- _WHAT YOU HAVE TO DO_: When you reach the line containing "X-Men 97 Scott" in the data below, begin returning lines exactly as written, and stop once the line containing "Black and White" has been returned.

- _DATASET RECORDS_:
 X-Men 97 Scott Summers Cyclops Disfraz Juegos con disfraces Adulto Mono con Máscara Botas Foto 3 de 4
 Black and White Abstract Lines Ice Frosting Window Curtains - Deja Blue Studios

...

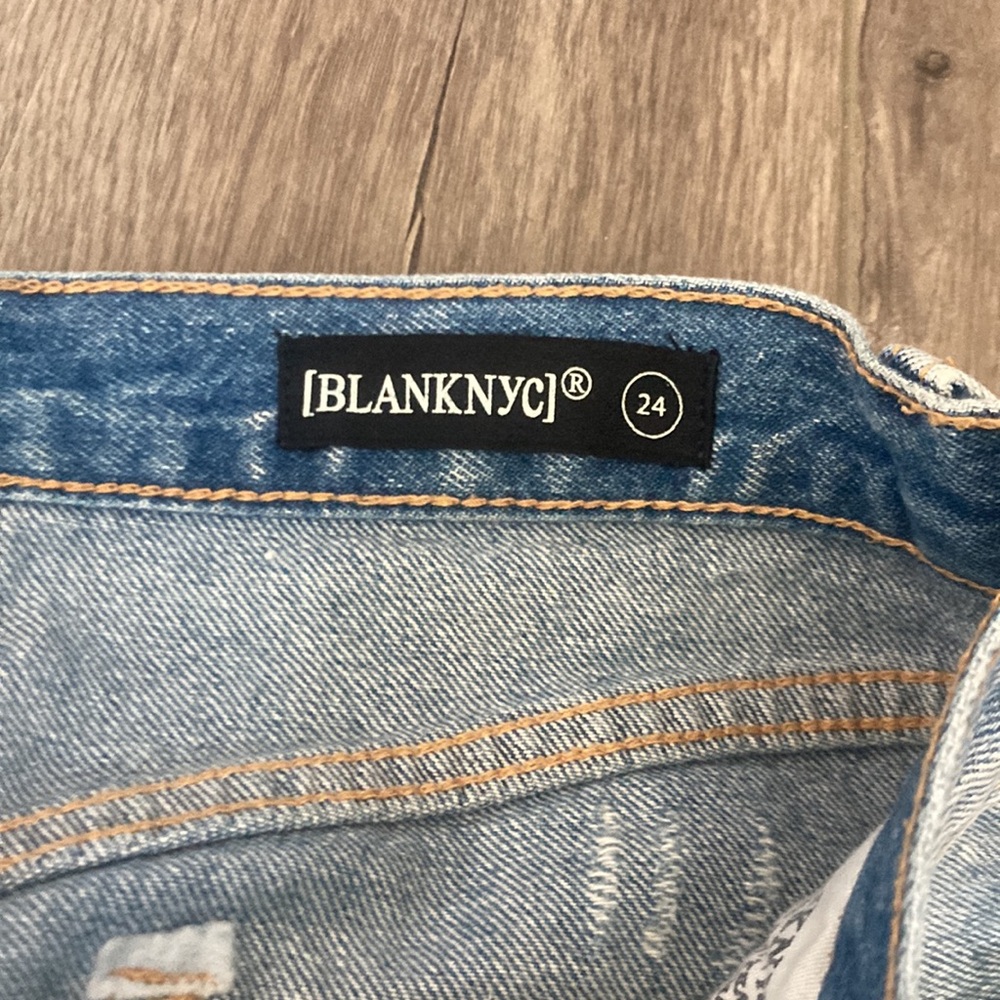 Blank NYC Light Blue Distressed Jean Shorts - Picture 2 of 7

--

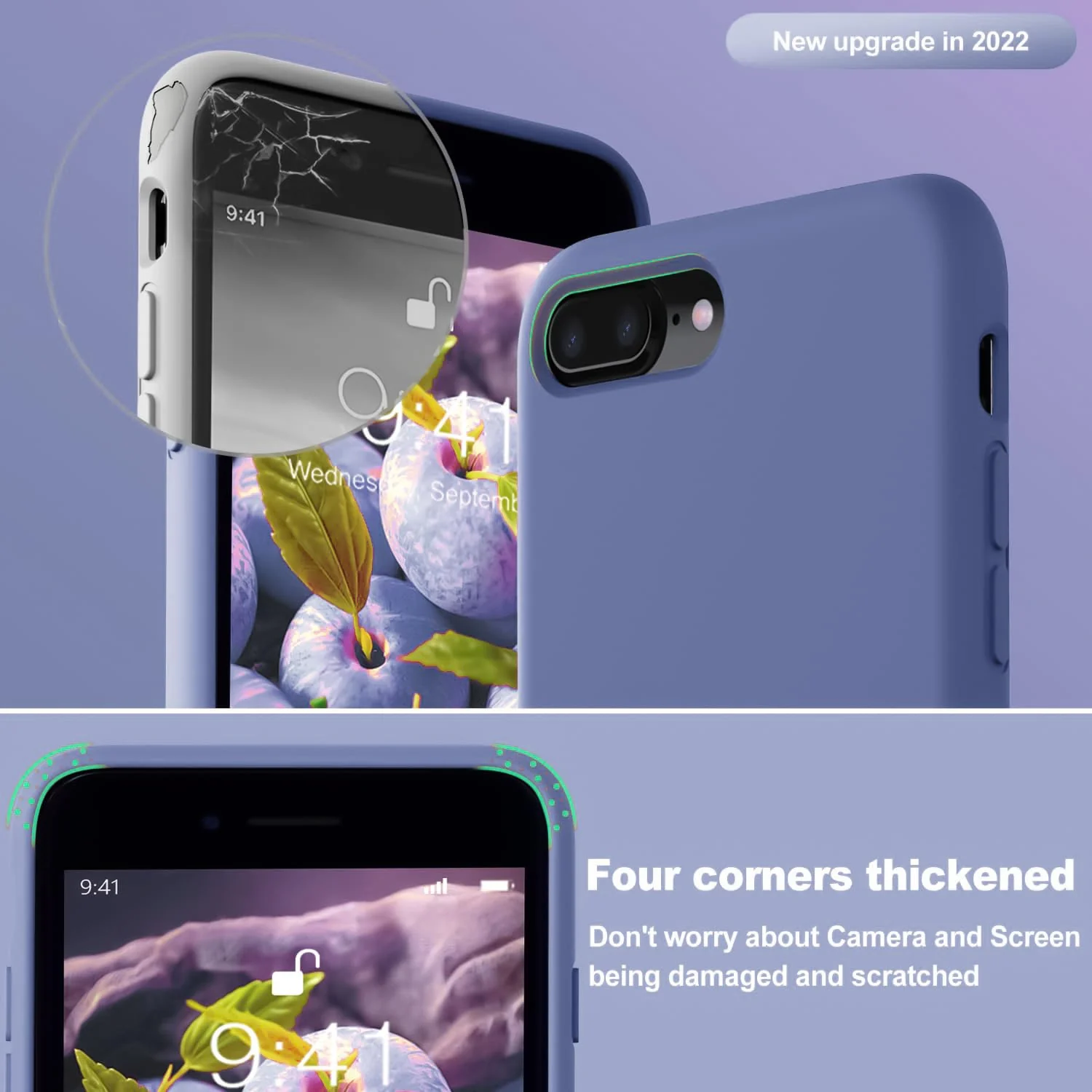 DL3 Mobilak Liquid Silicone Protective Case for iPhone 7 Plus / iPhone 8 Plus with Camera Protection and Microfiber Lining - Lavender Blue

- _TASK RESULT_:
 X-Men 97 Scott Summers Cyclops Disfraz Juegos con disfraces Adulto Mono con Máscara Botas Foto 3 de 4
 Black and White Abstract Lines Ice Frosting Window Curtains - Deja Blue Studios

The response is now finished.